Made Gradio Demo for veena TTS.
I made gradio demo for veena tts. It is simple for testing out. But it does have some limitations. It allows you to write/paste the text in textbox, select from 4 speakers, and generate audio which can be played on gradio page itself, also saves as mp3 in specific folder. I added slider to control speed, but it basically changes playback speed, so lower speed gives male like voice, higher speed gives fast and cartoon/female like voice. If anyone is interested to try it out then let me know.
Limitations : 1.) can only generate upto 19 sec audio, mostly due to token limitation. That would not be the case in their commercial model i guess.
2.) Hallucinations, causes skipping of words or sentences sometimes.
3.) Sometimes it generates very rapid speech, as it does not identify hindi punctuation mark at times. using " . " as punctuation instead of " । " does help some times.

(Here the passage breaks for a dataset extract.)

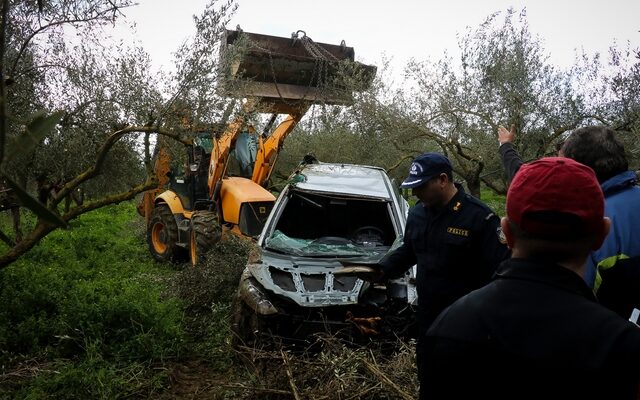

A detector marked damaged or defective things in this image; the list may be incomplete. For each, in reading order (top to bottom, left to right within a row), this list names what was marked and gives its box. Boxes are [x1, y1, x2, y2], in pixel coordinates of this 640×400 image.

crushed car roof [290, 163, 396, 199]
wrecked white pickup truck [232, 161, 418, 348]
shattered windshield [266, 230, 390, 258]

Besides all this, I think you guys are on right path to make something big. Because Suno started the same way(initially it was called "bark" i think). Later it improved a lot.
How to increase the length of the audio file?
Like if I give multiple sentences for an audio file, it chops it for me. I tried with English only text thought.
How to increase the length of the audio file?
Like if I give multiple sentences for an audio file, it chops it for me. I tried with English only text thought.
I played a lot with this model but there is something strange about this model, it changes voice every time no matter what speaker you have alloted. I could generate longer audio by limiting generation to one sentence and generated as batch process. But every sentence has different voice. I think it is intentional to keep people from using long generation.